- Born: 9 October 1952 Congleton, Cheshire, England
- Died: 22 July 2014 (aged 61)

Academic background
- Alma mater: London School of Economics

Academic work
- School or tradition: Austrian School^{[citation needed]}

= John Blundell (economist) =

British economist (1952–2014)

John Blundell (9 October 1952 – 22 July 2014) was a British economist who served as director general and the Ralph Harris Fellow at the Institute of Economic Affairs.

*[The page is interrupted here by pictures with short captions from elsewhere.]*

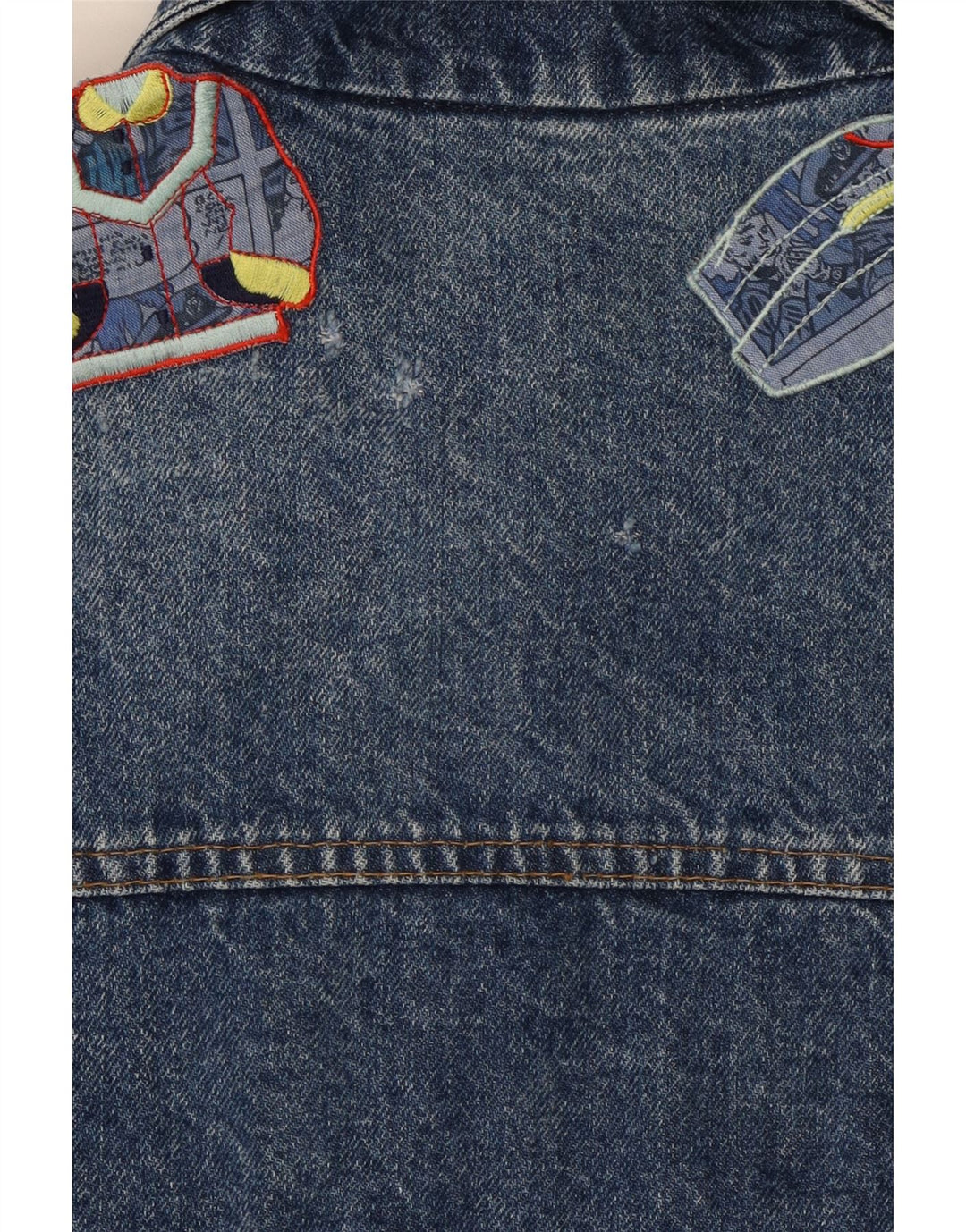 Jaqueta jeans masculina CLARK UK 38 algodão azul médio
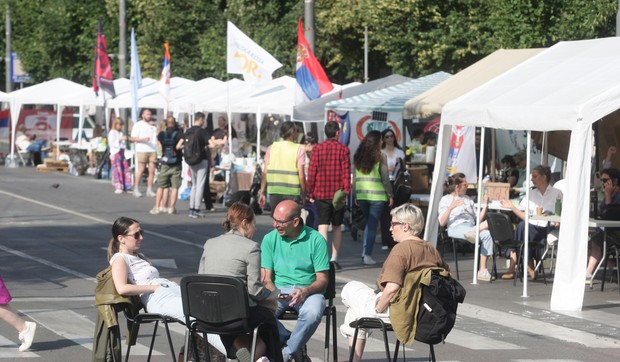 Blokada raskrsnice Kneza Miloša i Nemanjine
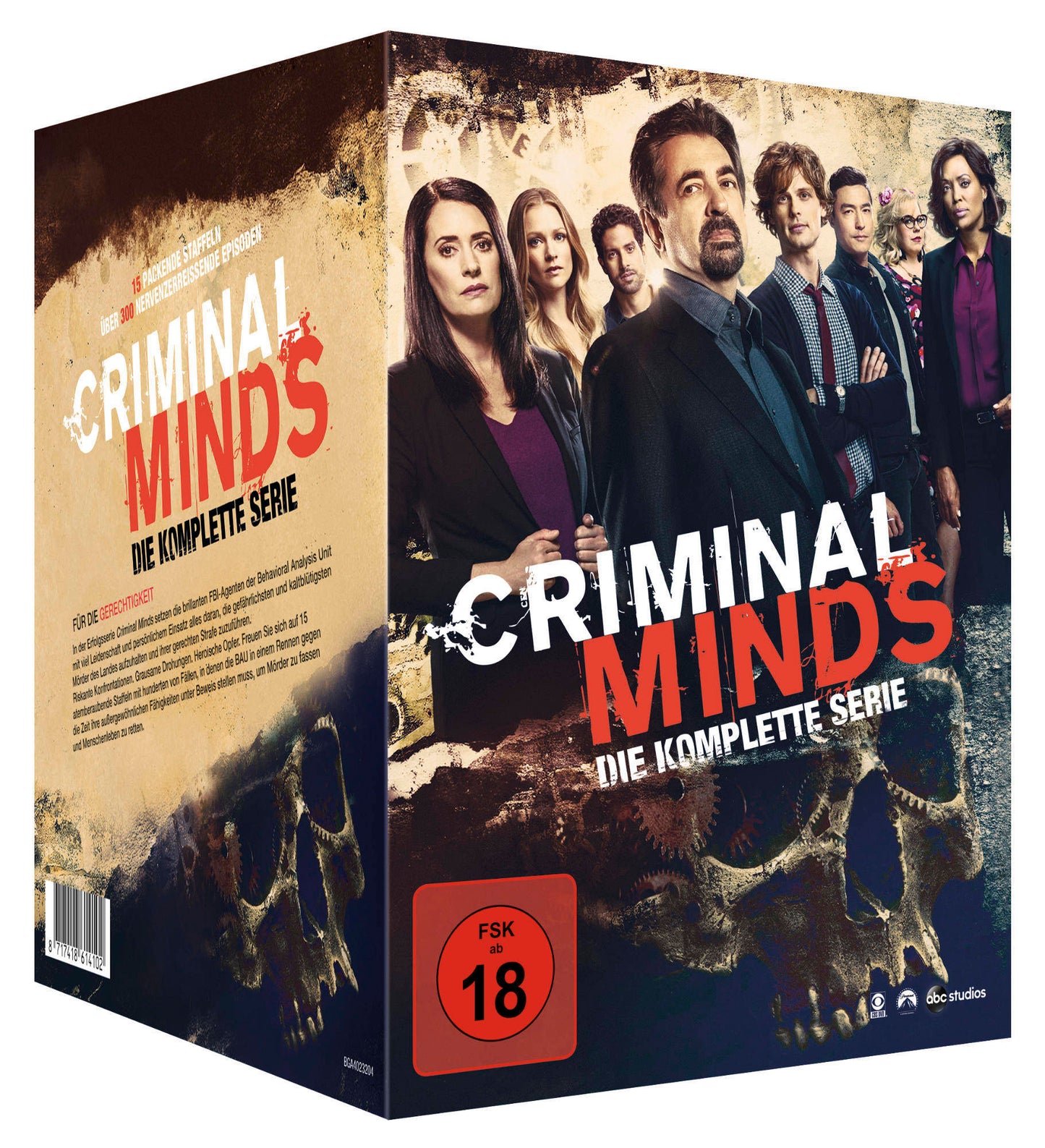 Criminal Minds - Staffel 1-15 (Komplettbox)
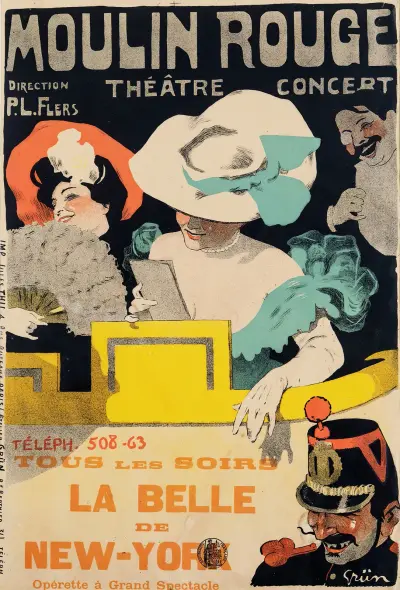 La Belle De New York, 1895 – nr 1 av Jules-Alexandre Grün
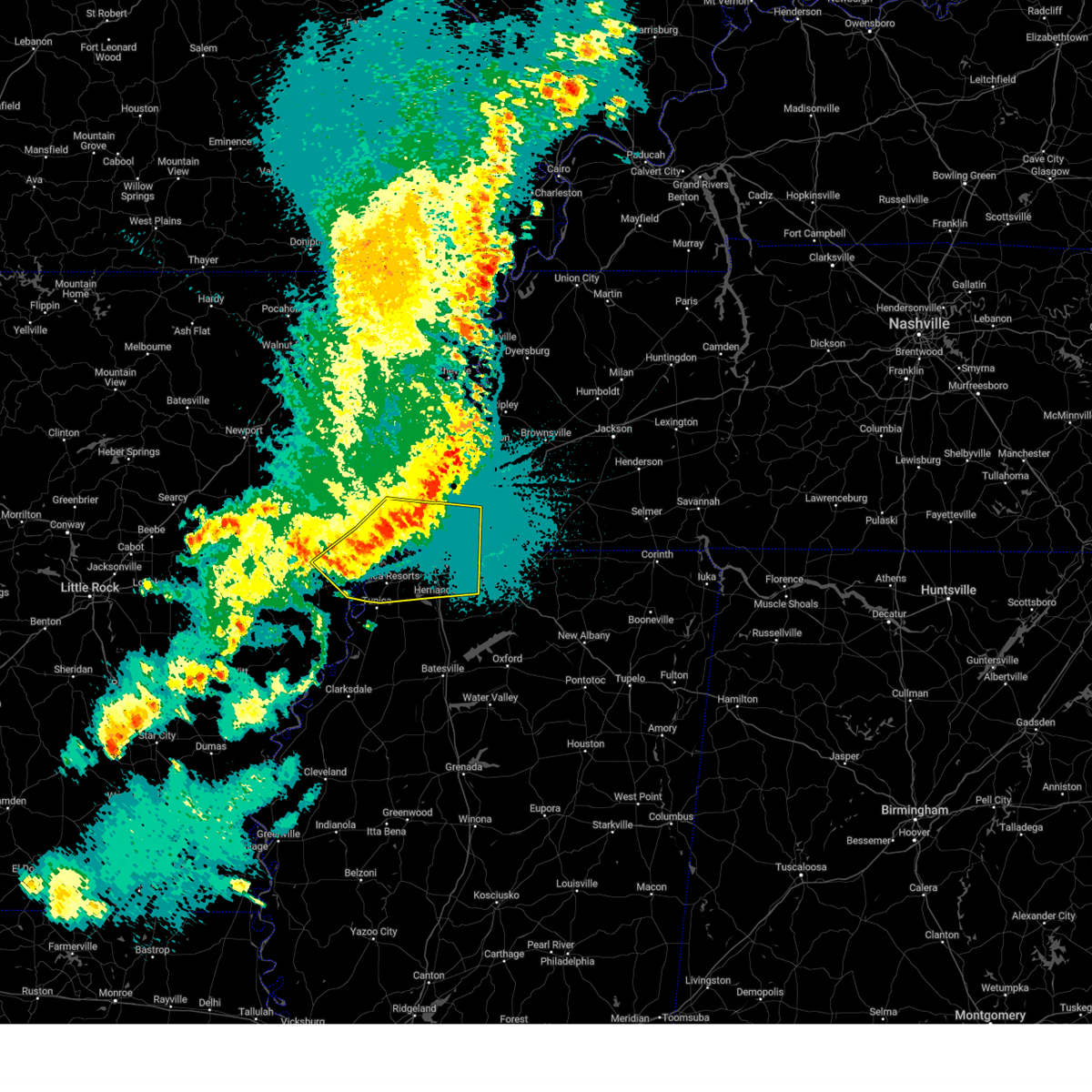 Interactive Hail Maps Hail Map for Hughes, AR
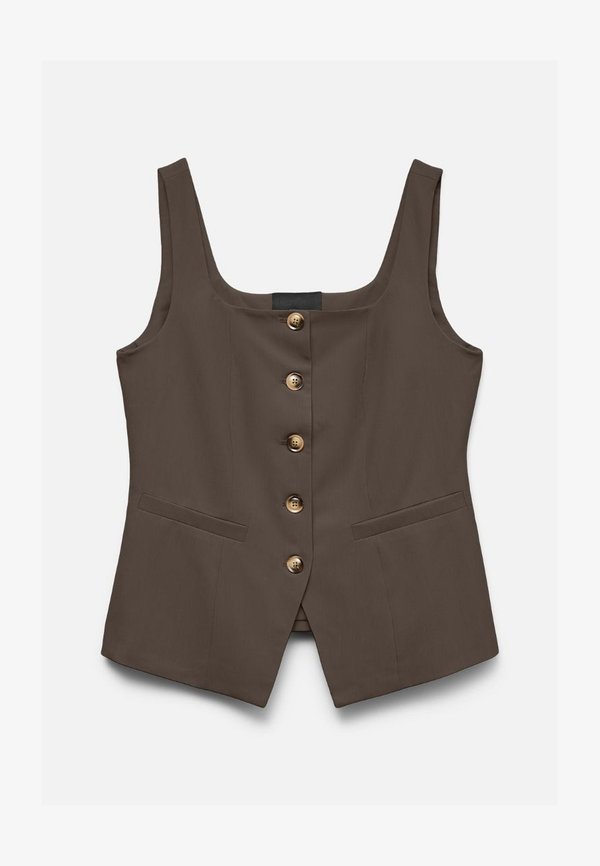 Vero Moda VMKANDRA - Waistcoat - chocolate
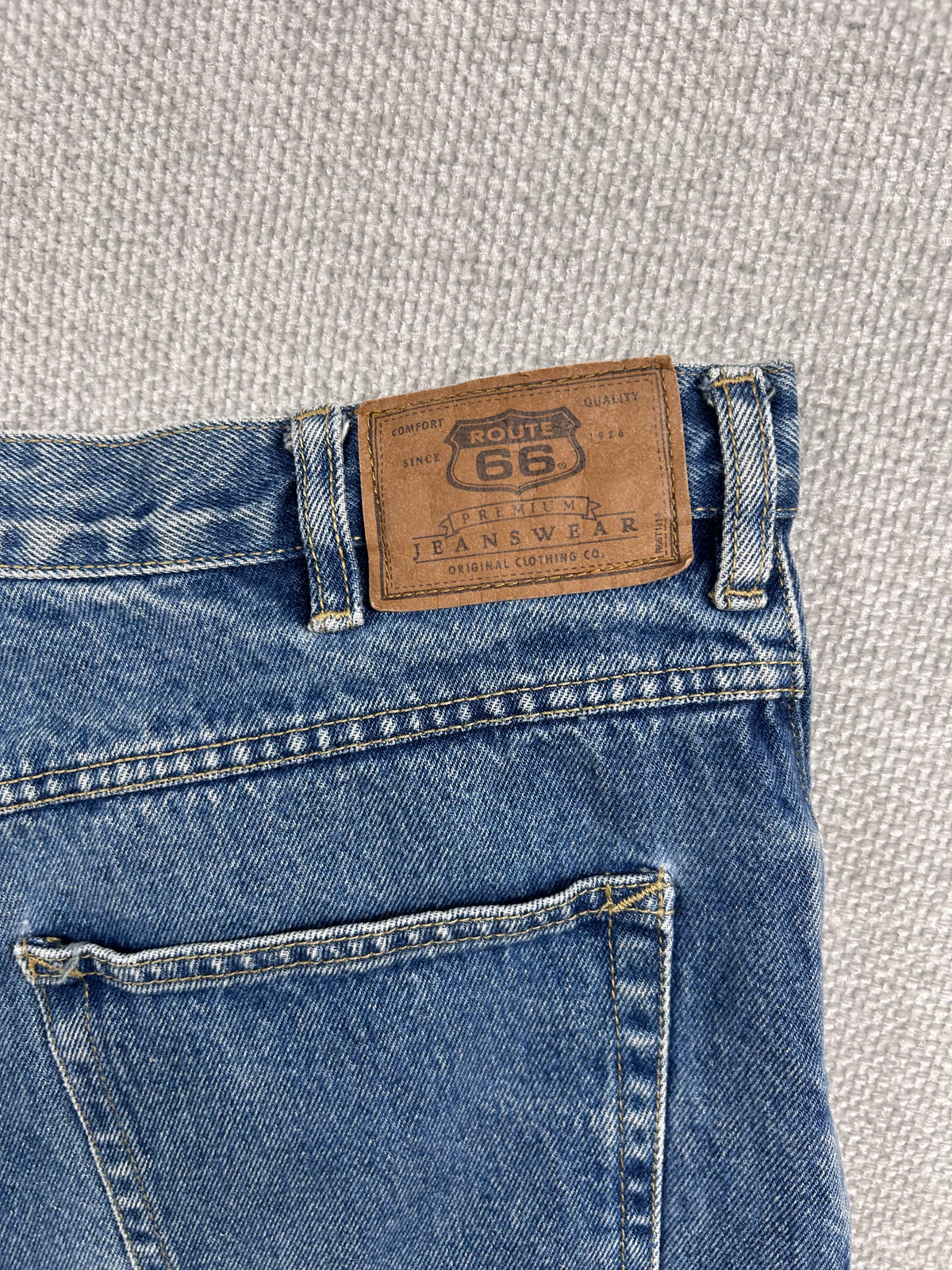 Y2K Relaxed Fit Denim Shorts 33"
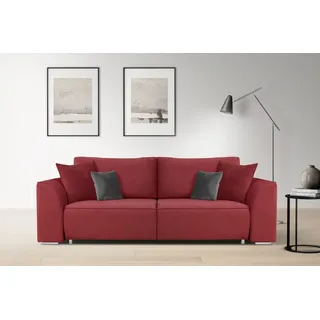 INOSIGN Couch 3-Sitzer rot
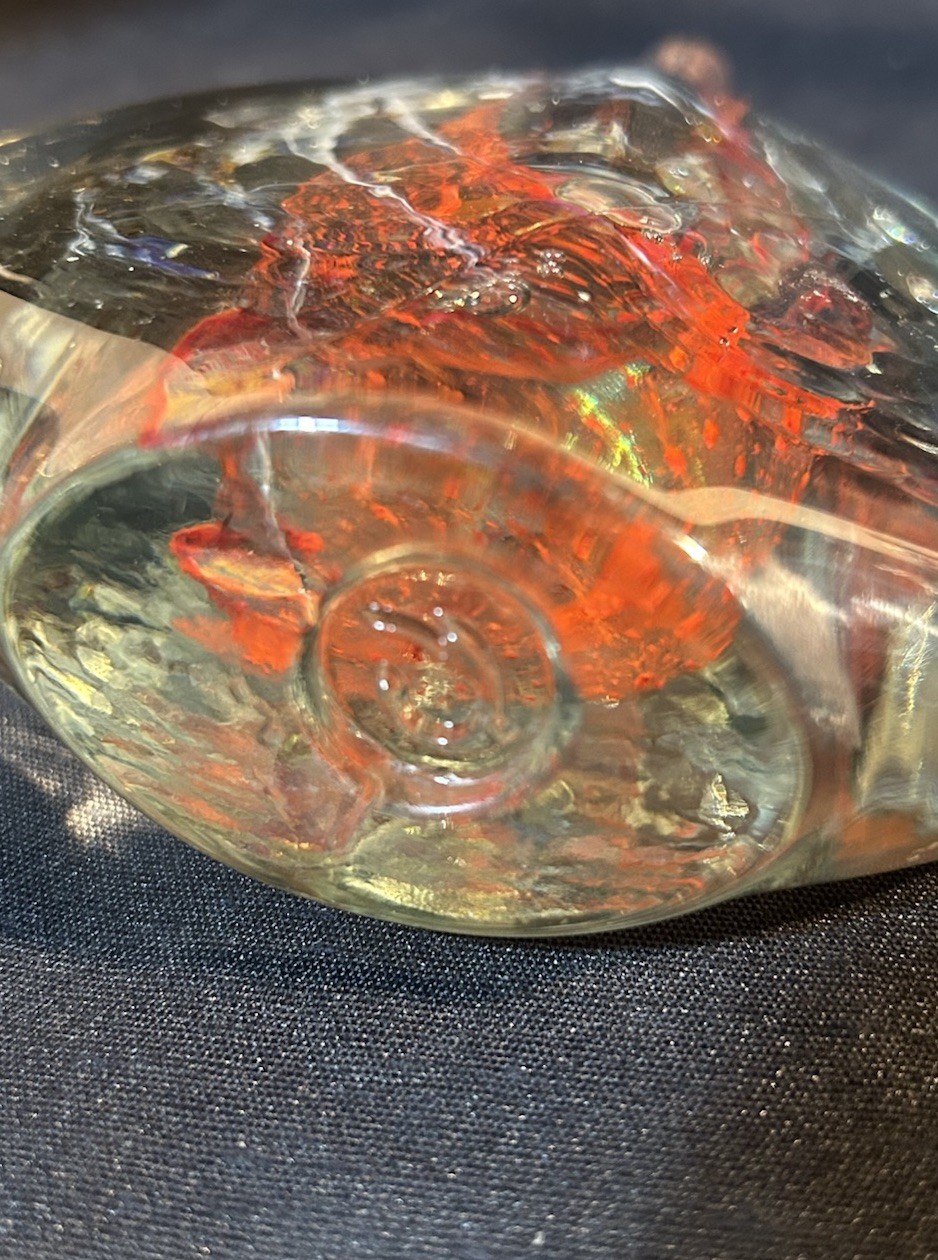 Isle of Wight LOLLIPOP VASE Handblown Glass By Michael Harris 1970’s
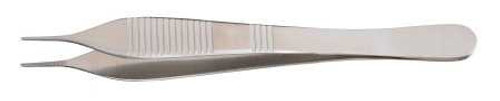 Dressing Forceps McKesson Adson 4-3/4 Inch Office Grade Stainless Steel NonSterile NonLocking Thumb Handle Serrated Tips 43-2-771 Each/1 43-2-771 MCK BRAND 487592_EA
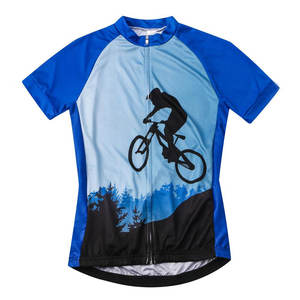 Camiseta de Ciclismo Personalizada de Verano, Transpirable, de Medio Dedo, para Exteriores, de Poliéster - Product Image 1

Blundell was involved in the creation and development of numerous free-market think tanks.

==Early life==
Born in Congleton, Cheshire, on 9 October 1952, he was educated at The King's School, Macclesfield, and at the London School of Economics.

==Career==
He headed the Press, Research and Parliamentary Liaison Office at the Federation of Small Businesses from 1977 to 1982, and was a Lambeth London Borough Councillor from 1978 to 1982. From 1982 to 1993, he lived in the United States, where he was president of the Institute for Humane Studies (1988–1991), president of the Atlas Economic Research Foundation (1987–1991), president of the board of the Congressional Schools of Virginia (1988–1992) and president of the Charles G. Koch and Claude R. Lambe Charitable Foundations (1991–1992).

Blundell became director general of the Institute of Economic Affairs on 1 January 1993.

Blundell served as co-founder and chairman of the Institute for Children in Boston, Massachusetts (1993–1997); founder and director of the Institute for Justice in Washington D.C. (1991–1993); international trustee of The Fraser Institute in Vancouver, British Columbia (1988–1993); and founder trustee of the Buckeye Institute in Ohio.

Blundell was a director of Fairbridge and of the International Policy Network, and chairman of the Institute Development and Relations Committee on the board of Atlas Economic Research Foundation. He was also a board member of the Institute for Humane Studies at George Mason University in Fairfax, Virginia; of the Institute of Economic Studies in Paris, France; and, until 2012, of the Mont Pelerin Society.

==Death==
Blundell died on 22 July 2014 at the age of 61.

==Works==
Books
- Female Force: Ayn Rand, with Todd Tennant and Jaymes Reed. Bluewater Productions, 2011. ISBN 978-1450749244.
- Government Failure, with Alan Peacock, Otmar Issing, Richard Allen Epstein, Carolyn Fairbairn, David B. Smith, Geoffrey Edward Wood, James Tooley and David Graham. London: Institute of Economic Affairs, 2003. ISBN 978-0255365475.
- Ladies For Liberty: Women Who Made a Difference in American History. Algora Publishing, 2011. ISBN 978-0875868660.
- Margaret Thatcher: A Portrait of the Iron Lady. Algora Publishing, 2008. ISBN 978-0875866314.
- Regulation Without the State: The Debate Continues, with Colin Robinson. London: Institute of Economic Affairs, 2000. ISBN 978-0255364836.
- Waging the War of Ideas. London: Institute of Economic Affairs, 2003. ISBN 978-0255365475.

Articles
- "Arthur Seldon CBE and the IEA". Liberty Fund, November 2013.
- "IHS and the Rebirth of Austrian Economics: Some Reflections on 1974–1976". The Quarterly Journal of Austrian Economics, Vol. 17, No. 1, Spring 2014, pp. 92–107.